Selsun Blue
- Product type: Shampoo
- Owner: Opella
- Previous owners: Abbott Laboratories Chattem
- Website: Official website

= Selsun Blue =

Over-the-counter brand of dandruff shampoo

Selsun Blue is an over-the-counter brand of dandruff shampoo now owned by Opella (formerly Sanofi Consumer Healthcare). Made by Abbott Laboratories, the brand was later bought by Chattem in 2002. Chattem was acquired by Sanofi in 2010, although in some markets, it is sold by Rohto Pharmaceutical instead. Selsun Blue has been marketed as a more effective alternative to brand leader Head & Shoulders due to its superior performance in randomized trials.

==Formulations==
Over the counter Selsun Blue contains 1% selenium sulfide as its active ingredient in its most popular version (the word "Selsun" is a portmanteau of selenium sulfide + n). Chattem announced that on November 1, 2005, they would introduce a new line of shampoos under the brand name Selsun Salon. These contained a different active ingredient than Selsun Blue, pyrithione zinc 1%, and are oriented toward the higher-end shampoo market. Other active ingredients such as salicylic acid and botanicals are in other versions of Selsun Blue brand dandruff shampoo.

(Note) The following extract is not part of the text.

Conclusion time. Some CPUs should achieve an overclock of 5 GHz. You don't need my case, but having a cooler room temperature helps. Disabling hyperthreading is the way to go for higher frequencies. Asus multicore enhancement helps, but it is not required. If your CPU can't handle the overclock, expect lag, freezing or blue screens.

In 2011, the Selsun Blue brand consisted of 15 products spread across two brand segments, Naturals and Base. The Naturals line of products contains the active ingredient salicylic acid in addition to 8 moisturizers & botanicals plus vitamins B5 & E. Salicylic acid is a keratolytic agent that assists with cell shedding or flaking. The base brand consists of six types including Medicated with menthol, 2-in-1, Normal to Oily, Moisturizing, Itchy Dry Scalp, and Deep Cleansing with micro beads. The first four types contain the active ingredient selenium sulfide which has been shown to have anti-fungal properties. More specifically, selenium sulfide, an anti-infective agent, relieves itching and flaking of the scalp and removes the dry, scaly particles commonly referred to as dandruff or seborrhea. Selenium sulfide is also used to treat tinea versicolor, a fungal infection of the skin.

Deep Cleansing was launched by Chattem in January 2011. In addition to the active ingredient salicylic acid, the product touts itself as containing scrubbing micro beads.

==Availability==
Like Chattem's other products, Selsun Blue is sold through mass merchandisers, drug and food retailers.